Mobile apps that allow in-game betting on individual points
or games allow athletes to stealthily manipulate the results and
may strike some of them as less unethical as throwing an entire
match, said Sally Gainsbury, a senior lecturer at Southern Cross
University who has written a book on the subject.
"A PERFECT COMBINATION"
Most major bookmakers operate from small offshore
jurisdictions, making accurate predictions of industry worth
extremely difficult, said Gainsbury.
"There's a large grey sort of offshore market ... in every
country, where it's actually just not possible for the
government to regulate these sites that are based in all these
tiny remote jurisdictions," she told Reuters.
"So it's difficult to get a really accurate size of how much
people are betting because a lot of it is actually illegal."
Patrick Jay, a betting consultant and former sports and
football director at Ladbrokes , estimates the global sports
betting market is likely worth about $1 trillion a year, having
doubled in size in the last five years. He expects it to double
again in the next five.
The Australian government, citing a 2015 United Nations
conference at which Jay was a speaker, put that figure as high
as $3 trillion, of which 90 percent was "illegal" or in
contravention of laws regulating gambling in which the bet was
placed.
That range of figures, which includes betting on sports from
soccer, cricket and tennis to much less widely followed sports
like snooker, darts and table tennis but excludes racing,
illustrates the difficulty in accurately valuing the overall
market.
"It has grown because of mobile technology.
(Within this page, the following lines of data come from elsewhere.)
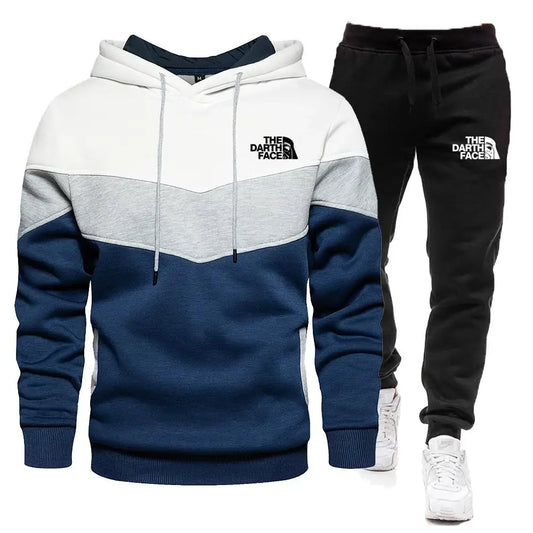 2024 Nouveaux Hommes Sweats À Capuche Sweat-Shirt + Pantalon De Survêtement Costume Automne Hiver Ensembles De Vêtements De Sport Survêtement Hommes Pull Veste Ensemble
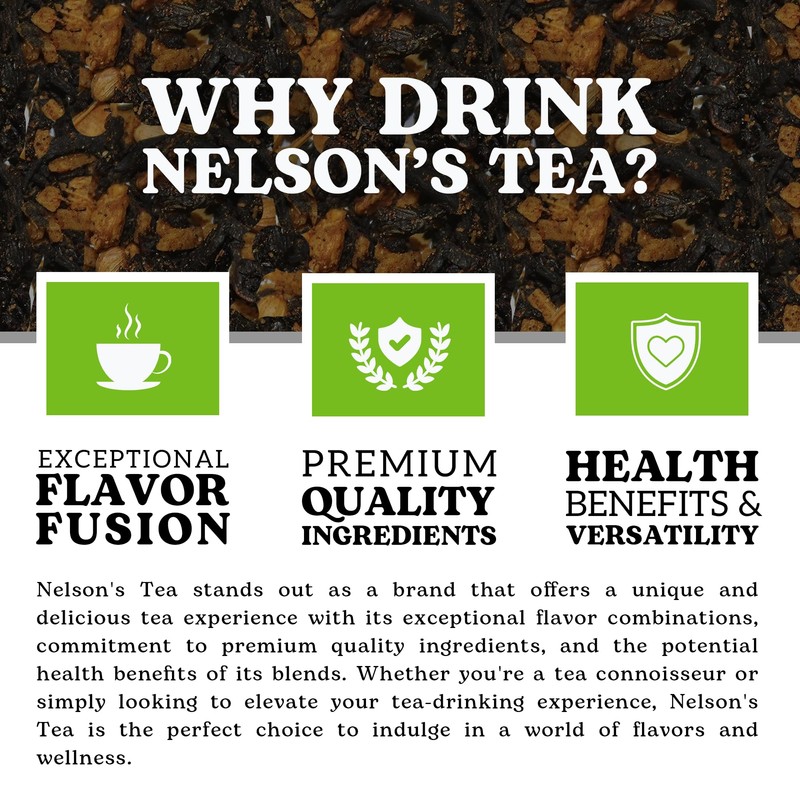 Nelson's Tea - Coconut Ginger Vanilla - Oolong tea, pu'erh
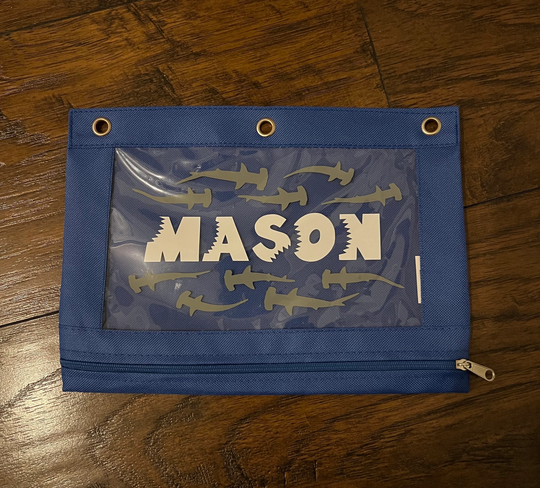 Custom Shark Pencil Pouch Personalized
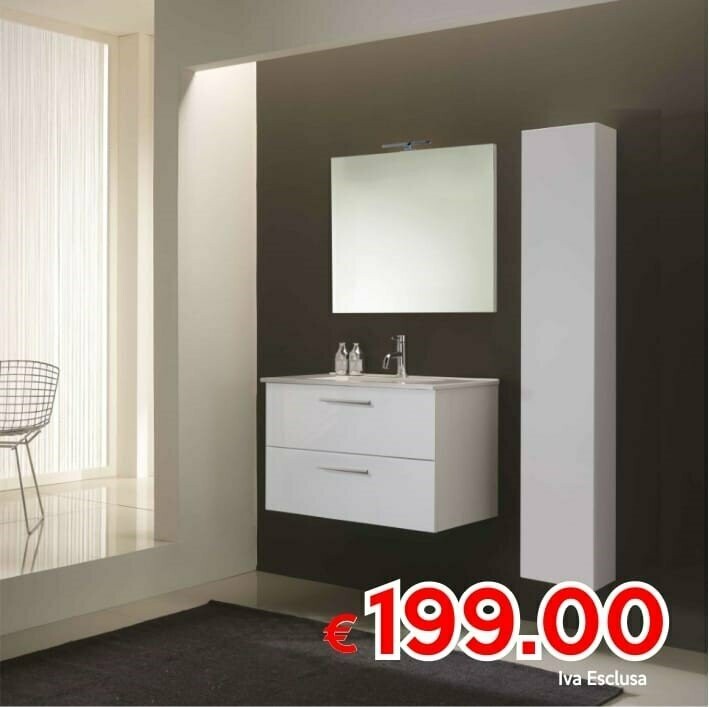 Mobile Bagno 80 cm  bianco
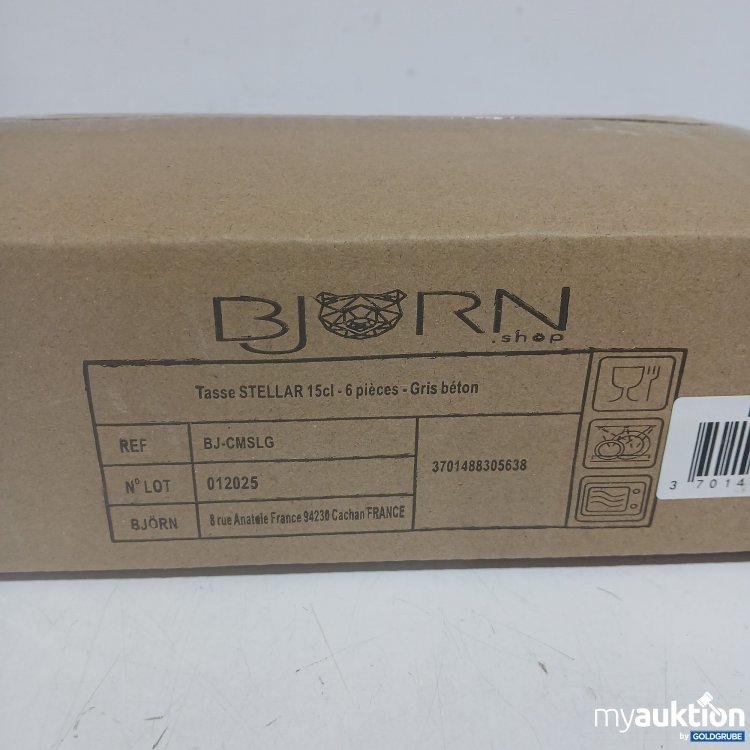 Artikel Nr. 972227: Björn Tasse Stellar 15cl 6Stk Gris beton 
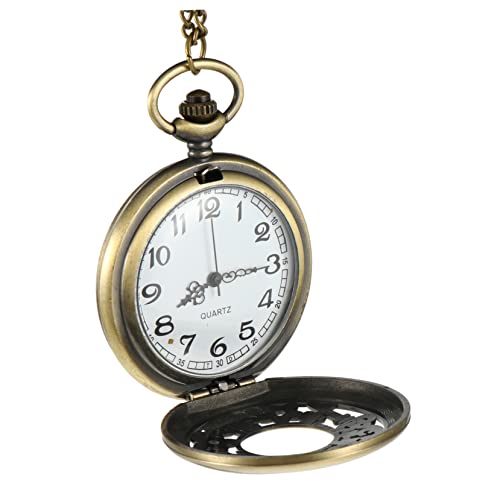 Gatuida 1stück Retro Stil Taschenuhr Vintage Quarz Taschenuhr Mit Kreativer Kette Für Männer Und Frauen Holländisches Design Für Und Besondere Anlässe von Gatuida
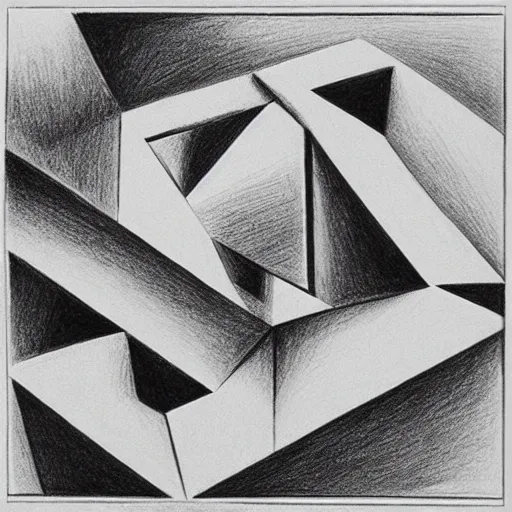 Prompt: impossible shapes, pencil art, mc escher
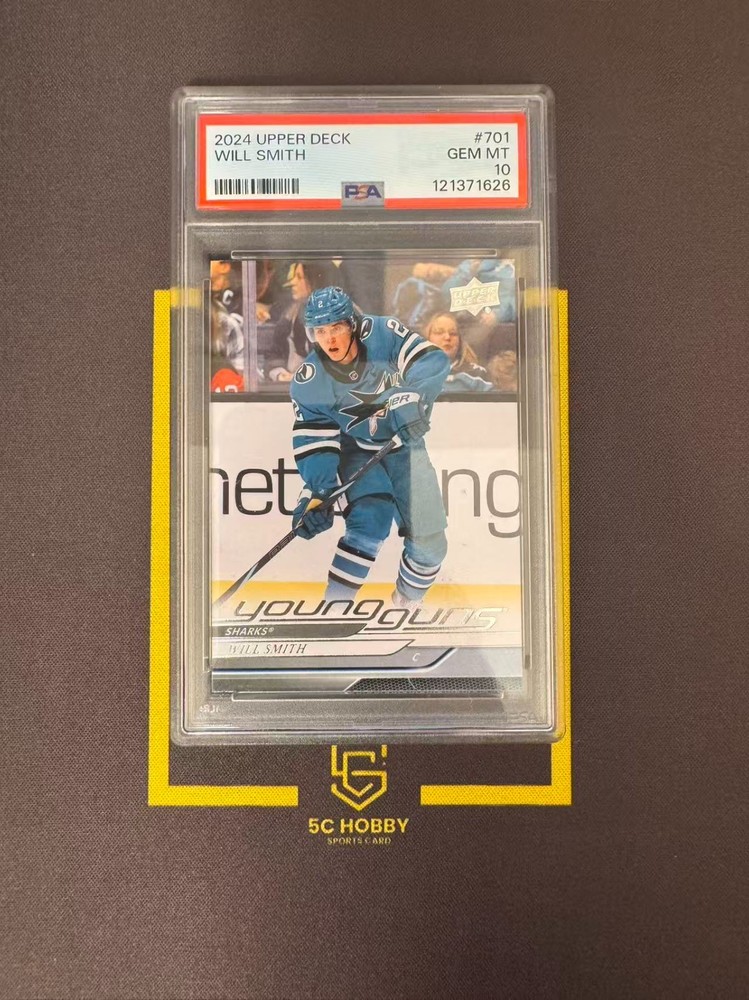 2024-25 Upper Deck Extended Series Young Guns Will Smith PSA 10 FCOU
It allows people
to place bets anywhere, anytime," Jay told Reuters. "People are
also dealing in credit, and therefore accounts are being run all
over the world. It has created a perfect combination."
Leading bookmakers including Betfair Group PLC BETF.L ,
Ladbrokes PLC LAD.L , Paddy Power PLC PLSA.I and William Hill
PLC WMH.L did not respond to requests for comment. There have
not been any allegations of wrongdoing by the bookmakers in the
World Tennis scandal.
Worried about the boom in sports betting and incidents of
match fixing, countries like Australia and across the European
Union are in the process of reviewing laws that experts like
Gainsbury say are "hopelessly outdated".
In Australia, for example, 2001 laws regulating Internet
sport betting bar anyone from placing a bet on a sporting event
online once it has begun, despite allowing live betting over the
phone or at retail bookmakers.
William Hill, an official partner of the Australian Open,
has a new "Bet-in-Play" feature for its Australian customers
that requires access to a smartphone's microphone while the bet
is placed to comply with such laws.
"There's been a lot of stagnation where a lot of countries
originally said, 'Well this is illegal, we won't let them do
this', but of course with the internet you can't make things
illegal and stop people going online," Gainsbury said.